EXERCISE DATA |
########

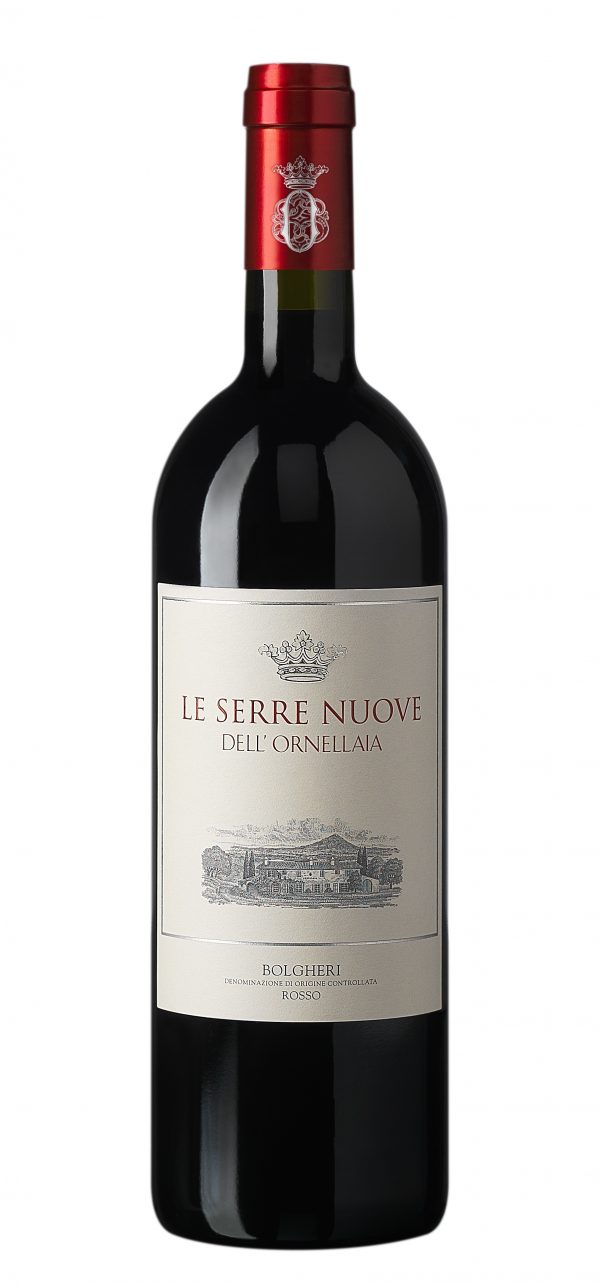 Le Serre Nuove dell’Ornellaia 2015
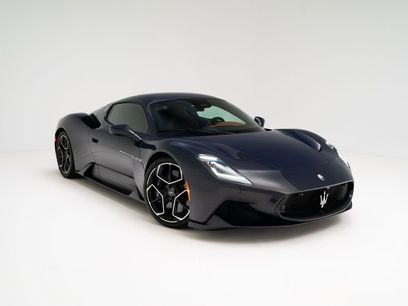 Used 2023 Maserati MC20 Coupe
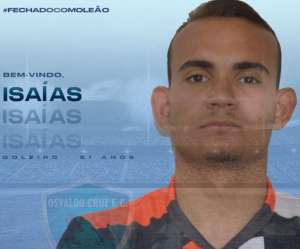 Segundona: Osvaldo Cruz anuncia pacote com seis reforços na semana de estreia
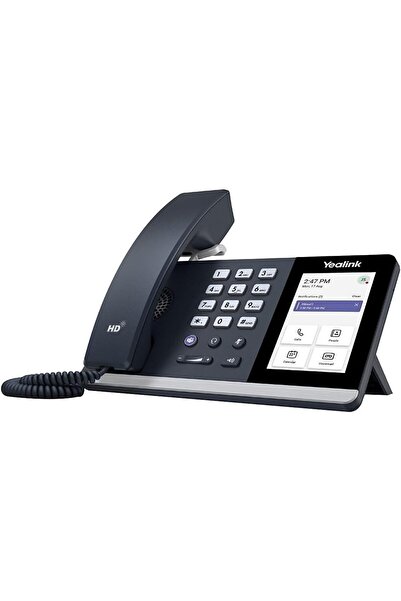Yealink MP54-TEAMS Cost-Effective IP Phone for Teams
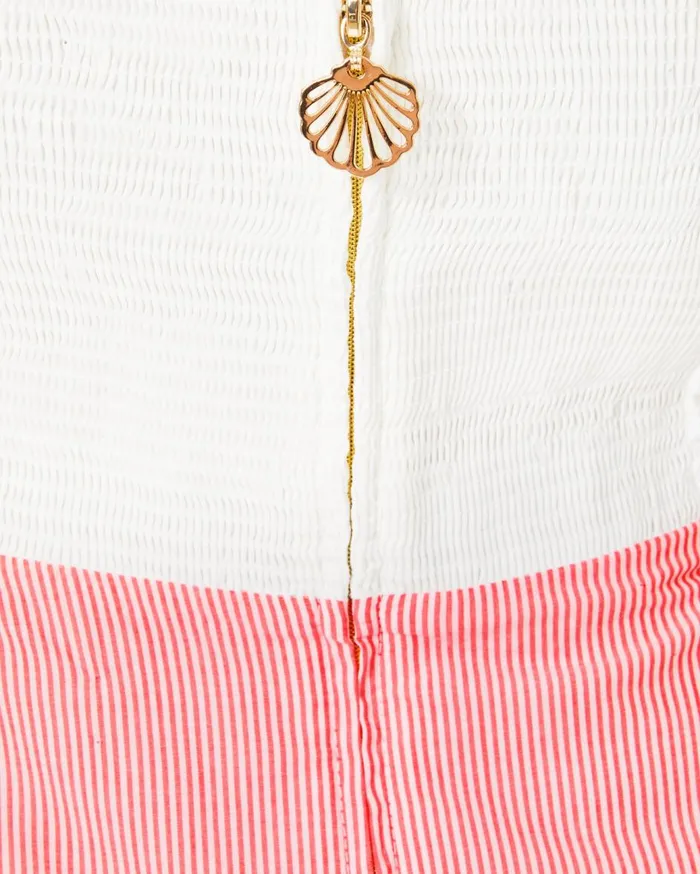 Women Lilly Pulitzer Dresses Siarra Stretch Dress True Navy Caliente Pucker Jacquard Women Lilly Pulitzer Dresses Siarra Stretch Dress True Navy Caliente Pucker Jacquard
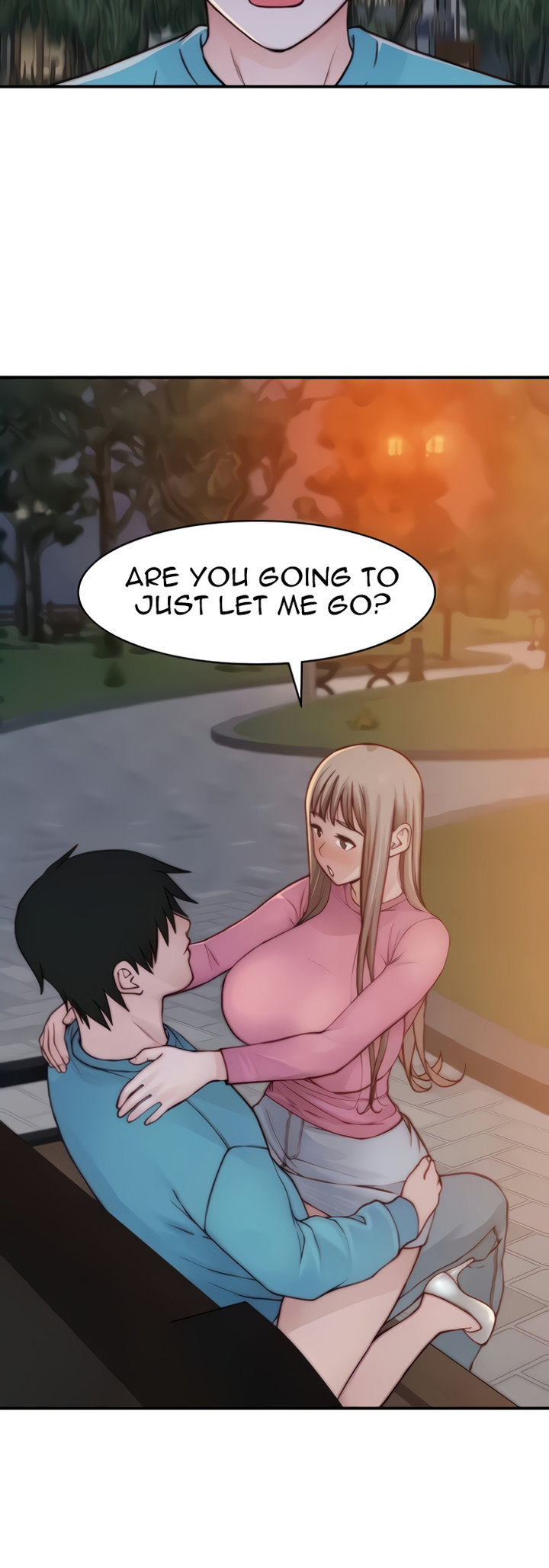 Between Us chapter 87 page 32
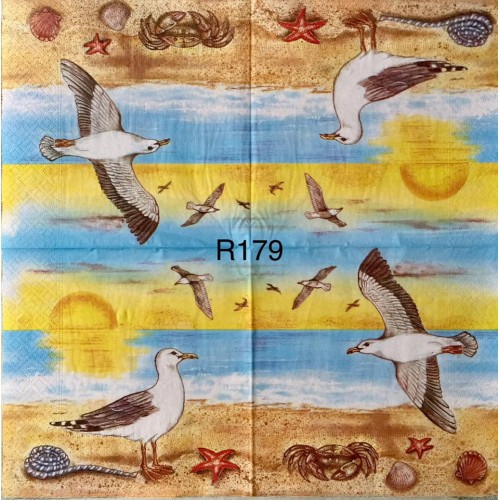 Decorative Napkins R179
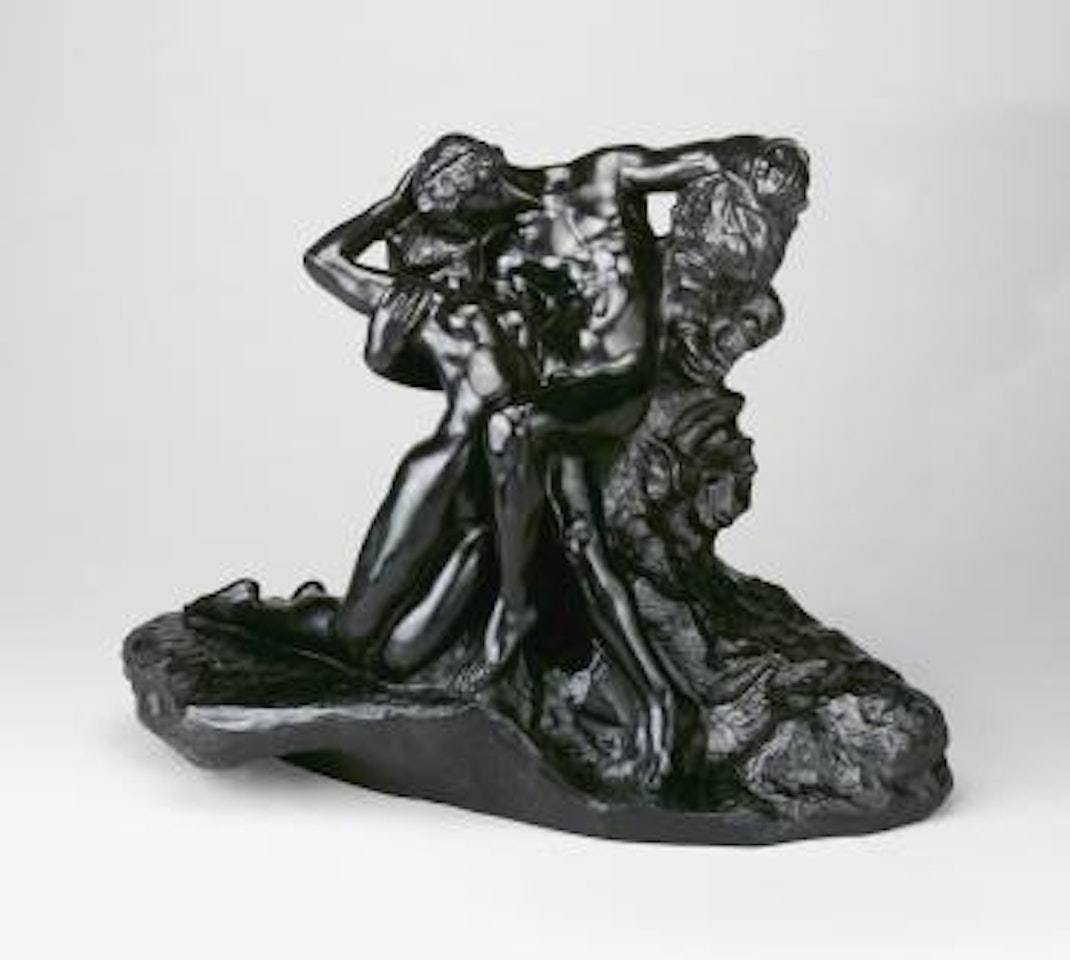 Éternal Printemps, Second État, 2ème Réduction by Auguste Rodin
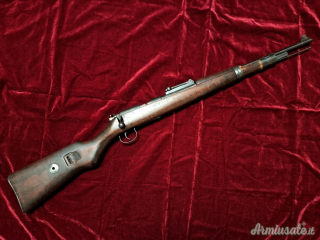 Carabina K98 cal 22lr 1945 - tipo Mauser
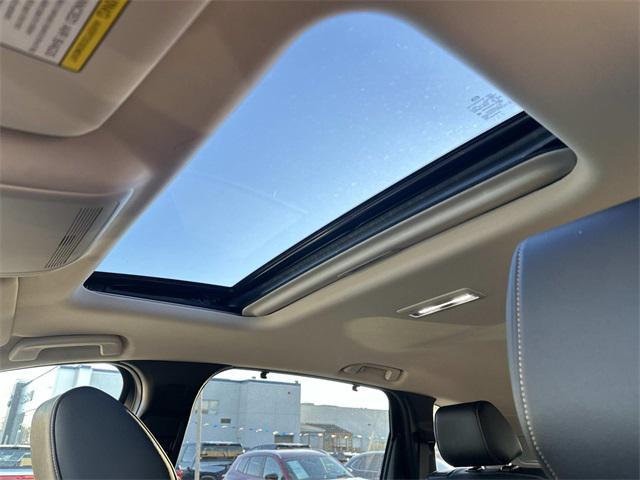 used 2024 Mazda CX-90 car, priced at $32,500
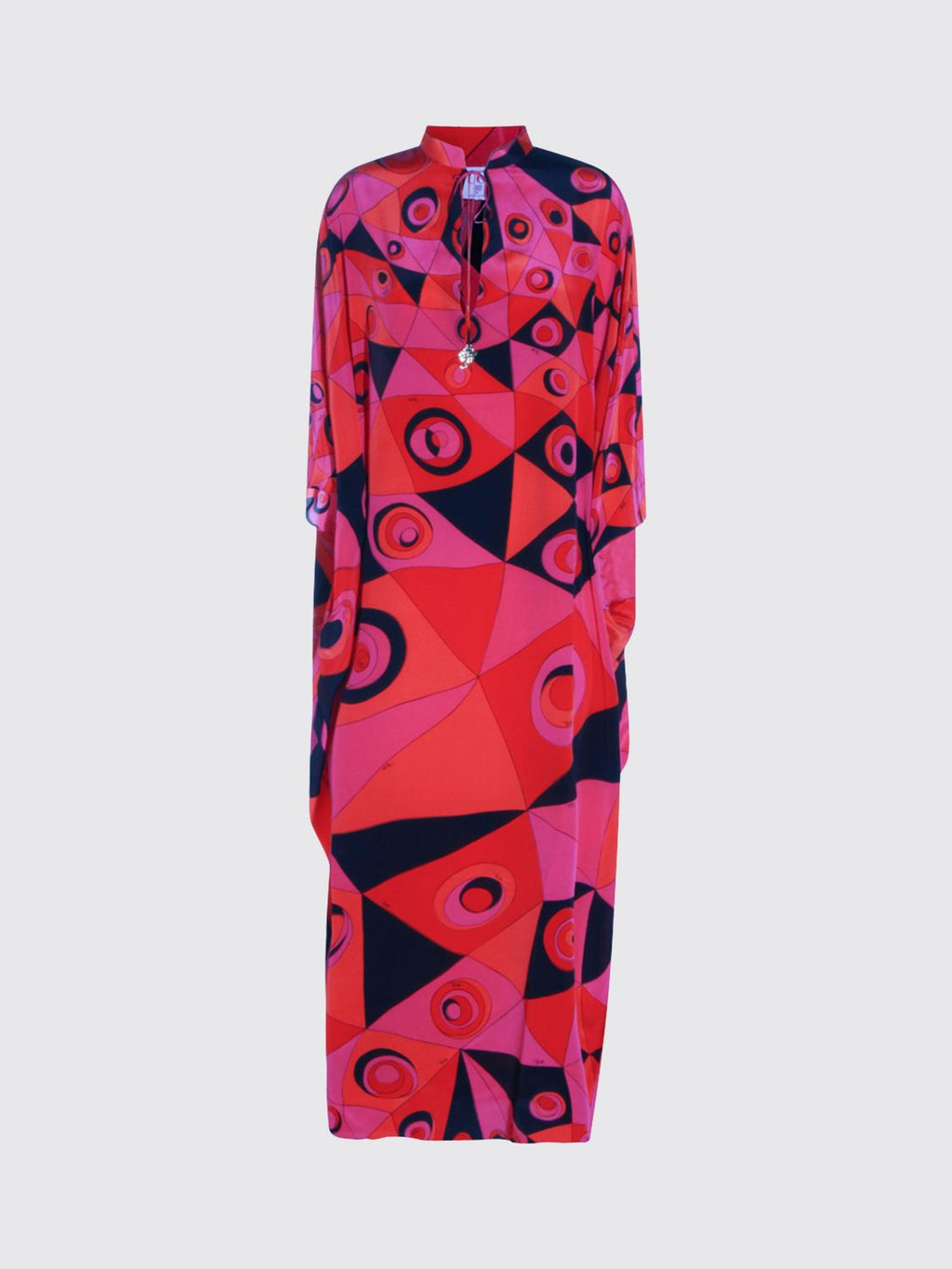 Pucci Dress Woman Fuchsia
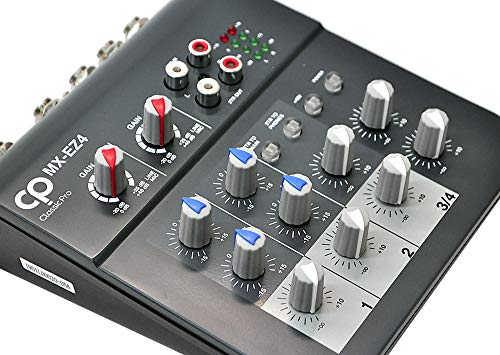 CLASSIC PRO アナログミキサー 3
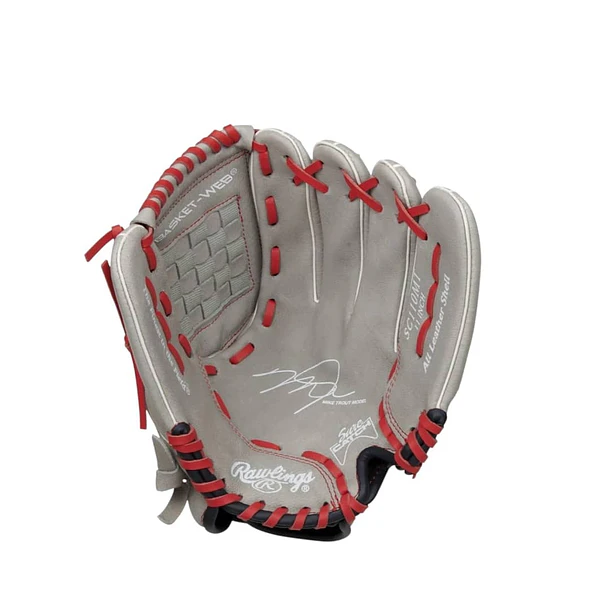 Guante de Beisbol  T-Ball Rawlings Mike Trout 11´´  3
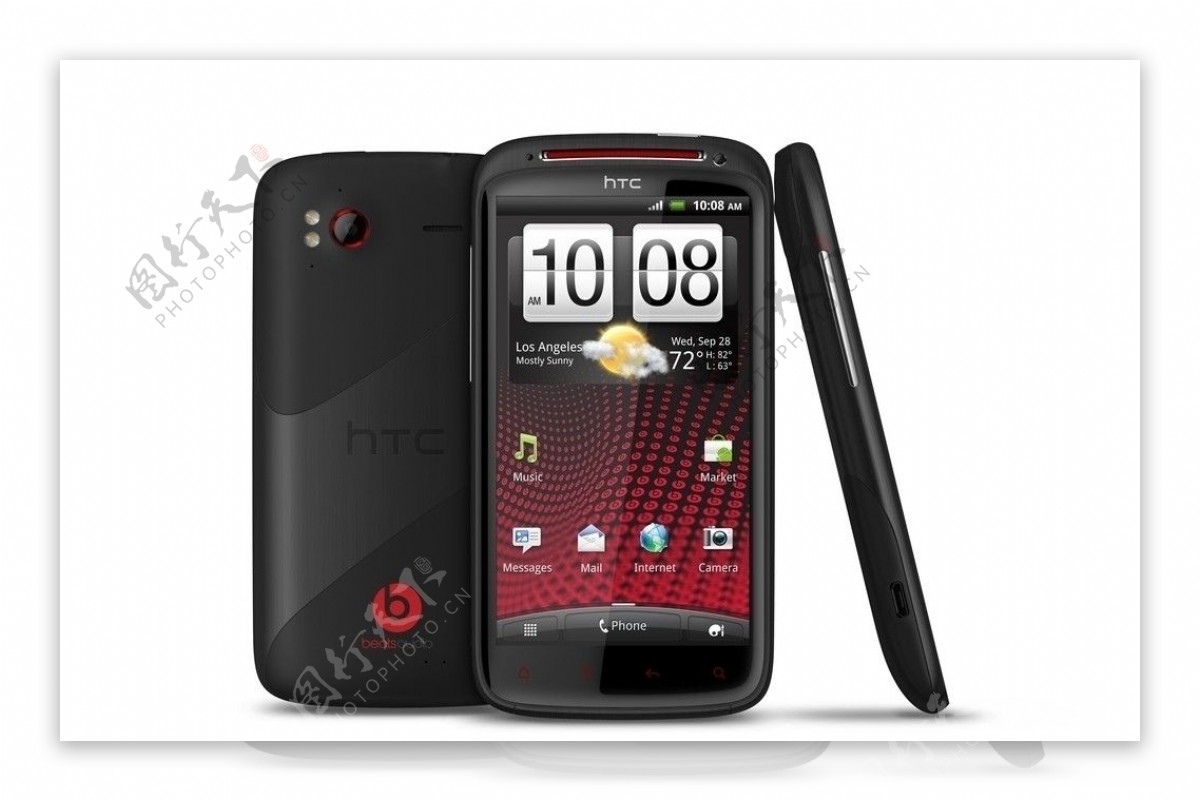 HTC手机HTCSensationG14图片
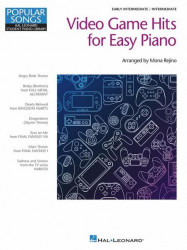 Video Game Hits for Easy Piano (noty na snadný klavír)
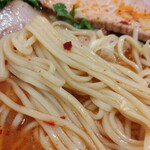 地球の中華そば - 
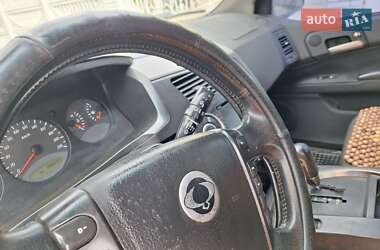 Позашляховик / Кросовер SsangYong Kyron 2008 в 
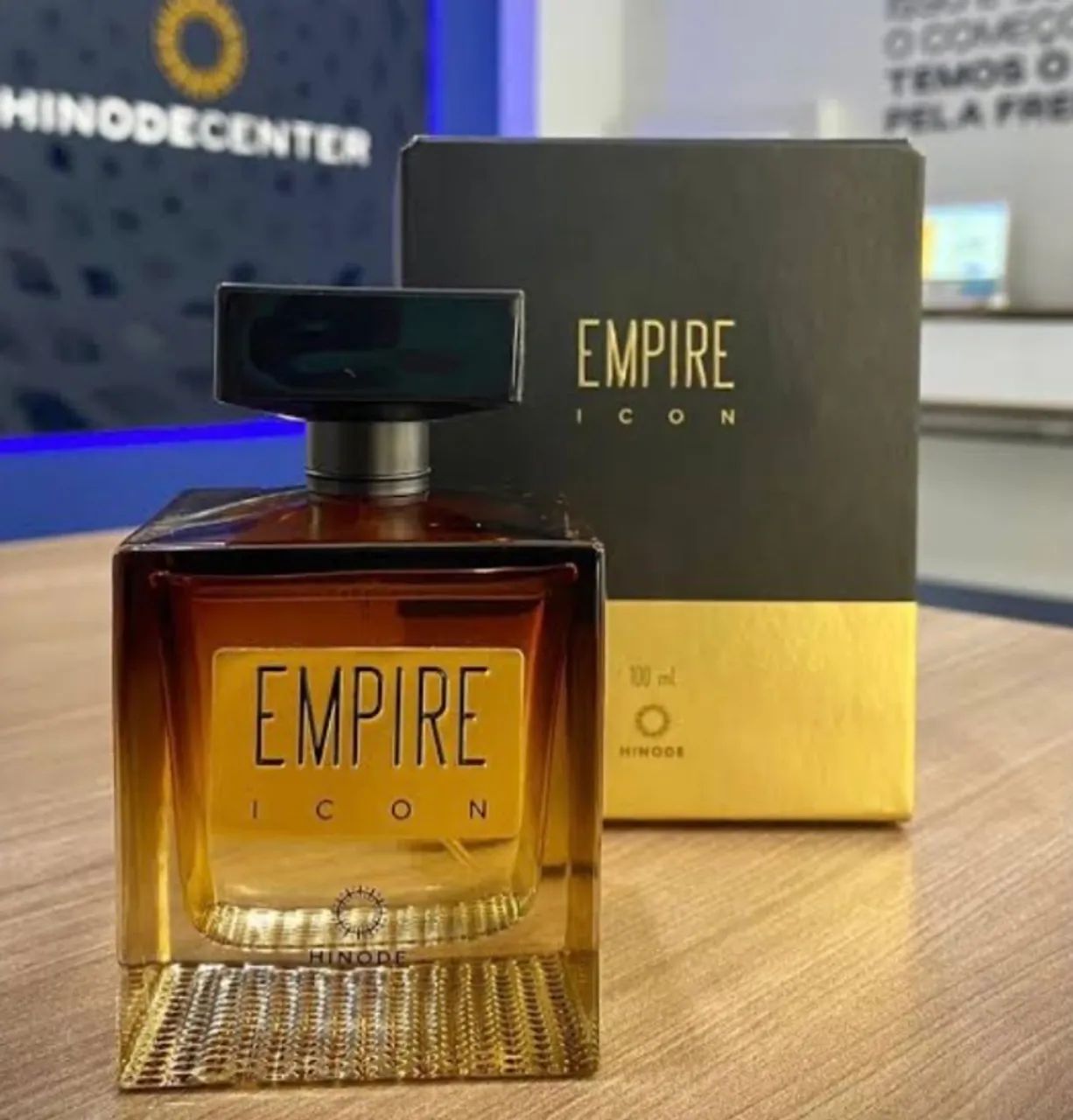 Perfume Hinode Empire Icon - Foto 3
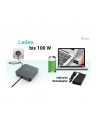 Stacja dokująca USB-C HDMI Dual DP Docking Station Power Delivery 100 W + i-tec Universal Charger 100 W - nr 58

########

WHAT YOU ARE ASKED TO DO | All of the data above must be printed exactly, minus its pictures.

ANSWER |
 Le Serre Nuove dell’Ornellaia 2015
 Used 2023 Maserati MC20 Coupe
 Segundona: Osvaldo Cruz anuncia pacote com seis reforços na semana de estreia
Yealink MP54-TEAMS Cost-Effective IP Phone for Teams
 Women Lilly Pulitzer Dresses Siarra Stretch Dress True Navy Caliente Pucker Jacquard Women Lilly Pulitzer Dresses Siarra Stretch Dress True Navy Caliente Pucker Jacquard
 Between Us chapter 87 page 32
 Decorative Napkins R179
 Éternal Printemps, Second État, 2ème Réduction by Auguste Rodin
 Carabina K98 cal 22lr 1945 - tipo Mauser
 used 2024 Mazda CX-90 car, priced at $32,500
 Pucci Dress Woman Fuchsia
 CLASSIC PRO アナログミキサー 3
 Guante de Beisbol  T-Ball Rawlings Mike Trout 11´´  3
 HTC手机HTCSensationG14图片
 Video Game Hits for Easy Piano (noty na snadný klavír)
 地球の中華そば - 
 Позашляховик / Кросовер SsangYong Kyron 2008 в 
 Perfume Hinode Empire Icon - Foto 3
 Stacja dokująca USB-C HDMI Dual DP Docking Station Power Delivery 100 W + i-tec Universal Charger 100 W - nr 58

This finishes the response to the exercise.